# EXERCISE
Filter the records, keeping every line that has the string "some".

# DATASET
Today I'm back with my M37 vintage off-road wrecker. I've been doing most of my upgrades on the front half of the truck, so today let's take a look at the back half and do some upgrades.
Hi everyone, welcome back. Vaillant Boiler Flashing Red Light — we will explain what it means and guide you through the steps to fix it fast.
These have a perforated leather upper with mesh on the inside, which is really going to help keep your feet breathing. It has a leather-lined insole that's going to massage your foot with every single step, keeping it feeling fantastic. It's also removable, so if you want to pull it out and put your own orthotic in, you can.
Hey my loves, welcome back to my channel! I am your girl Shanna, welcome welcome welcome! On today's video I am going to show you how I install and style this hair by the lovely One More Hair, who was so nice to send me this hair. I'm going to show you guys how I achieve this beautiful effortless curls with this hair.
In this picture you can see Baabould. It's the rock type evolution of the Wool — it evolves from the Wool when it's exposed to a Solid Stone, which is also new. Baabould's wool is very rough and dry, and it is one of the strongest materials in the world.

--

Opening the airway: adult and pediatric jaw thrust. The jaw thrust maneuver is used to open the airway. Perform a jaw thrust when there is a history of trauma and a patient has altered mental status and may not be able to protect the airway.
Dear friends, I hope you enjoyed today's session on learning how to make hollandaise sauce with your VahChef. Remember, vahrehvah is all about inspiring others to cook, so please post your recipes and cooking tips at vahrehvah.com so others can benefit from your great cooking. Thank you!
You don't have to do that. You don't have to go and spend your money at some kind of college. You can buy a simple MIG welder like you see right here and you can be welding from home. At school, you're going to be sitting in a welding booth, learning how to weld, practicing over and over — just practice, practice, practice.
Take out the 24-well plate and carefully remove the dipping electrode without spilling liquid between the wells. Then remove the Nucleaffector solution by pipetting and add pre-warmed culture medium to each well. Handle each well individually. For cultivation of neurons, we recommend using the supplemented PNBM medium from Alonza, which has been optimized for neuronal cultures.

==

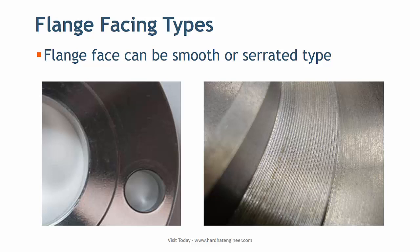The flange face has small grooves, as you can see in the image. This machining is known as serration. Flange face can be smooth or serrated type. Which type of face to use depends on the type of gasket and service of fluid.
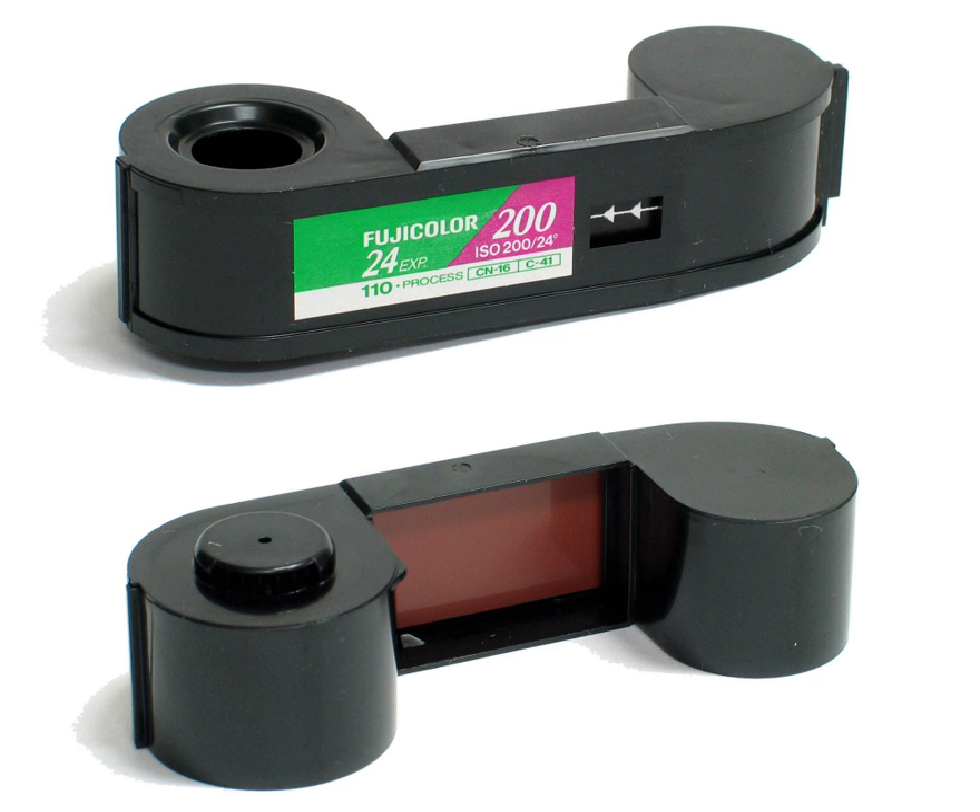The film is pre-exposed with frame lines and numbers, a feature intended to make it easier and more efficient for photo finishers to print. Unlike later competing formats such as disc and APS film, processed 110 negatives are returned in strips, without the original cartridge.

# FINISHED EXERCISE
Today I'm back with my M37 vintage off-road wrecker. I've been doing most of my upgrades on the front half of the truck, so today let's take a look at the back half and do some upgrades.
You don't have to do that. You don't have to go and spend your money at some kind of college. You can buy a simple MIG welder like you see right here and you can be welding from home. At school, you're going to be sitting in a welding booth, learning how to weld, practicing over and over — just practice, practice, practice.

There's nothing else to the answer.